Spam Mail Detection Using Python


This project implements a simple spam mail detection system using Python and machine learning techniques. The code utilizes the scikit-learn library for machine learning tasks and pandas for data manipulation. The model is based on logistic regression and employs the TF-IDF (Term Frequency-Inverse Document Frequency) vectorization technique to convert text data into numerical features.

Code Structure

The code is organized into the following sections:

  1. Data Loading and Preprocessing:

    • The dataset is loaded using pandas from a CSV file (mail_data.csv).
    • Initial exploration of the dataset is performed using head(), info(), and isnull().sum() functions.
    • Null values in the dataset are replaced with empty strings.
    • A binary classification is created for the 'Category' column, where 'ham' is labeled as 1 (not spam) and others as 0 (spam).
    • Unnecessary columns like 'Category' are dropped.
  2. Data Splitting:

    • The data is split into training and testing sets using train_test_split from scikit-learn.
  3. Text Vectorization:

    • TF-IDF vectorization is applied to convert the text data into feature vectors. The TfidfVectorizer is configured to ignore English stop words and convert all text to lowercase.
  4. Model Training:

    • A logistic regression model is employed for training using the transformed training data.
  5. Model Evaluation:

    • The accuracy of the model is evaluated on both the training and testing datasets.
  6. Prediction:

    • The model is used to predict the category of a new input mail.
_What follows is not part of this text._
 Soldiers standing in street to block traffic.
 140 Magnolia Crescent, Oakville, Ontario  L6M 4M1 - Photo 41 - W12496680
The input mail is first transformed using the same TF-IDF vectorizer, and the model predicts whether it is spam or not.

How to Use

  1. Clone the Repository:

    git clone
    cd Spam-Mail-Detection-Using-Python
  2. Install Dependencies:

    pip install pandas numpy scikit-learn
  3. Run the Code:

    • Ensure that the mail_data.csv file is present in the same directory.
  4. Modify Input:

    • You can modify the input_your_mail variable with your own email content for testing.
  5. Review Results:

    • The code will print the accuracy on both the training and testing datasets.
    • It will also predict whether the input mail is spam or ham.


  • The dataset used (mail_data.csv) should have a 'Category' column indicating whether the mail is 'ham' or 'spam'.
  • Ensure that the necessary libraries are installed using the provided requirements file.

Feel free to customize and extend this project according to your needs!